Saving some allocations

I guess most of you know the feeling that some code is not completely optimal. It probably doesn’t matter much in practice, because there are more expensive things around somewhere else, but the feeling when looking at it and thinking „well, there must be some better way“. And then you go on a war with the code to come up with something that is hopefully still readable, but somewhat better in whatever metric you’re obsessing with at the time.

I often declare these kinds of wars on unneeded copies and allocations. Talking to the global allocator is not exactly cheap and making extra copies is just not elegant. Sometimes it means using a bump allocator, or even writing an extension for it. Sometimes it means extensive use of borrowing. Now I have a long-standing battle with few of these allocations in a service I work on in my day job. There seems to be a possibility this one will finally get resolved and here goes a description how.

What the code does

The service accepts requests over HTTP. The POST body is protobuf encoded.

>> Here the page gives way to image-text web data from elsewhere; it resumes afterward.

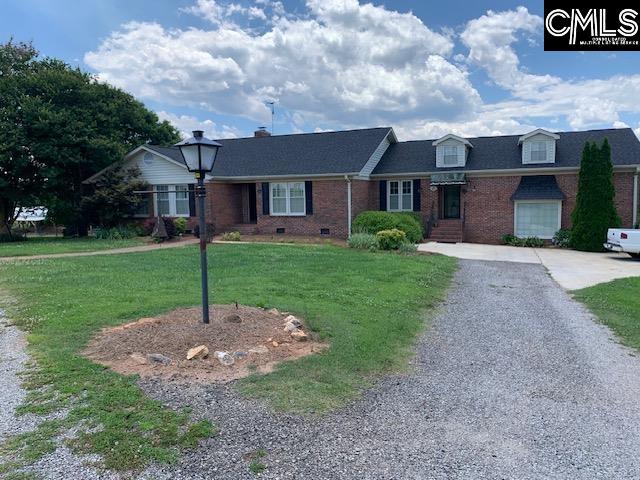 view of front of home featuring a front yard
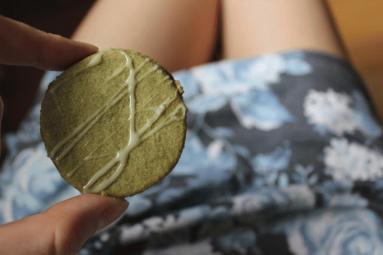 Zdjęcie - Zielone ciastka herbaciane z białą czekoladą - Przepisy kulinarne ze zdjęciami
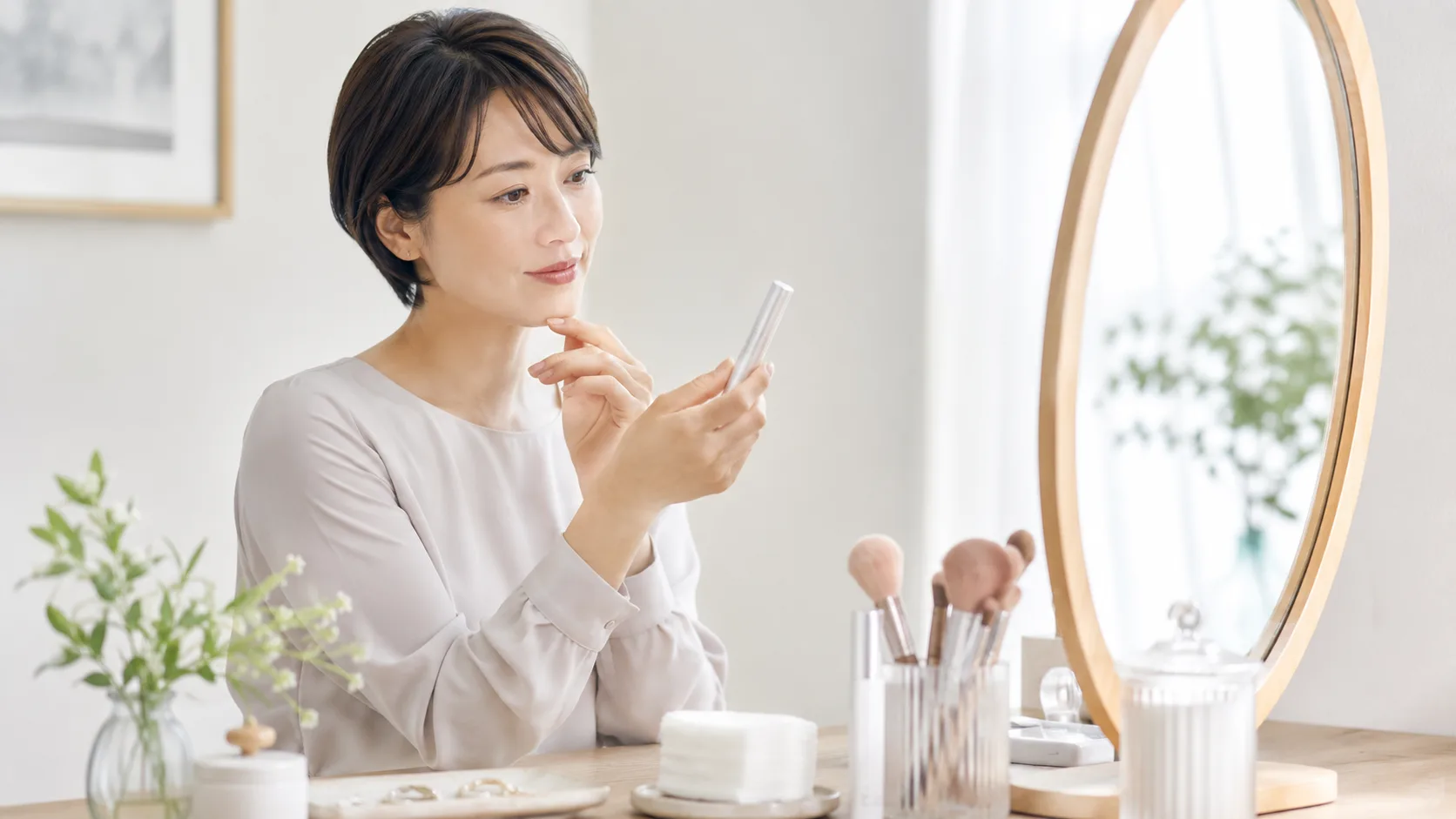 まつ毛美容液を検討する女性向けの清潔感あるイメージ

The HTTP part is taken care of by hyper. For the protobuf, I’ve chosen prost, mostly because it makes the generated API look more like Rust than Java and because it Just Works without any hassle around installing plugins. And it seems popular too, which means it hopefully won’t fall into disrepair any time soon.

The code currently looks something like this (I’m replacing the specifics with a phone-book example and simplifying):

message Entry {
    optional string name = 1;
    optional string phone = 2;
    optional string address = 3;
}

message Batch {
    repeated Entry entries = 1;
}

async fn phonebook_submit(req: Request<Body>, limits: &Limits)
    -> Result<Response<Body>, Error>
{
    // Accumulate the whole body. But protect from evil or broken clients that
    // send too much stuff, we don't want to eat all the RAM.
    let mut data = Vec::new();
    let mut body = req.into_body();
    while let Some(chunk) = body.next().await {
        let chunk = chunk?;
        if data.len() + chunk.len() > limits.max_bytes {
            return Err(TooLarge.into());
        }
        data.extend(chunk);
    }

    let decoded = Batch::decode(&data)?;
    if decoded.etries.len() > limits.max_entries {
        return Err(TooLarge.into());
    }
    process_submit(&decoded)?;
    Ok(Response::builder().status(StatusCode::NO_CONTENT))
}

This code works. But I have this itching that it allocates and copies data around needlessly. Let’s look where.

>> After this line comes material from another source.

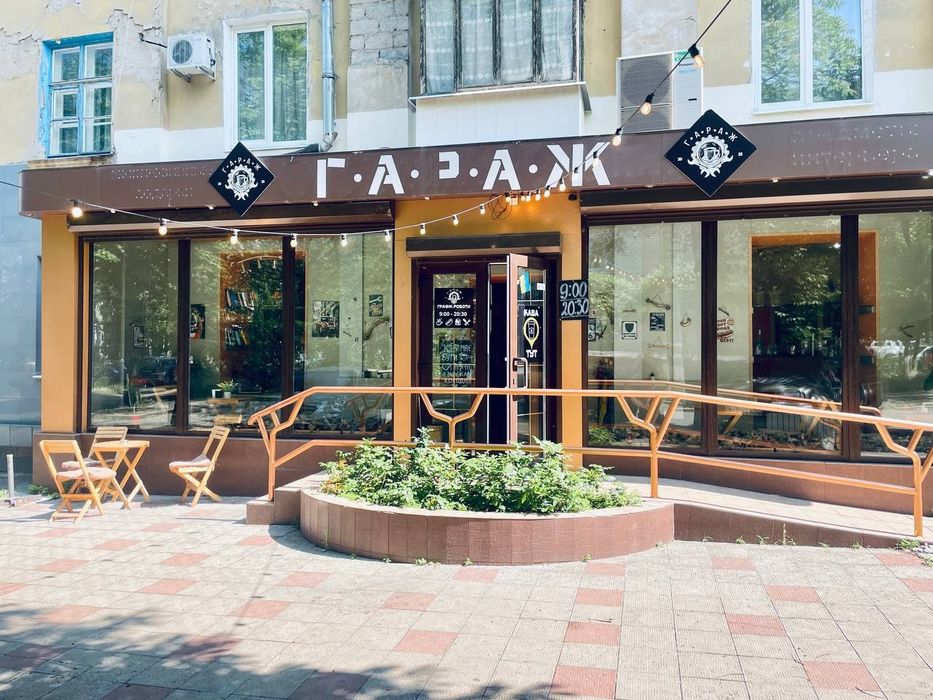 Прибуткове приміщення у центрі міста –65 м²! Власник.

Collecting the whole HTTP body

First it accumulates the whole body into a Vec, because prost doesn’t allow parsing incrementally (it can merge, but this won’t handle a field spanning across the buffer boundary). So every time we receive a request, new Vec is allocated and the data are copied into it. This allocates at least one, but may reallocate to accommodate longer multi-chunk requests.

In practice, most requests are short and fit into a single chunk. And prost doesn’t need a Vec, using the chunk directly would be fine. The type of the chunk is Bytes, which implements Buf, which is what the parser wants. So we could somehow check if the body is indeed in a single chunk and have two branches of the code, one that uses it directly and the other handling the longer bodies with a Vec. But that would make the code harder to read.

We could at least reuse the Vec between requests and not allocate every time. But we would still be copying the bytes around.

The Buf trait allows implementations to be non-continuous. That is, it doesn’t have to be one big slice, it can be a sequence of shorter ones. So if we could instead just chain the chunks and create a one Buf that represents their sequence, everything would be nice and shiny.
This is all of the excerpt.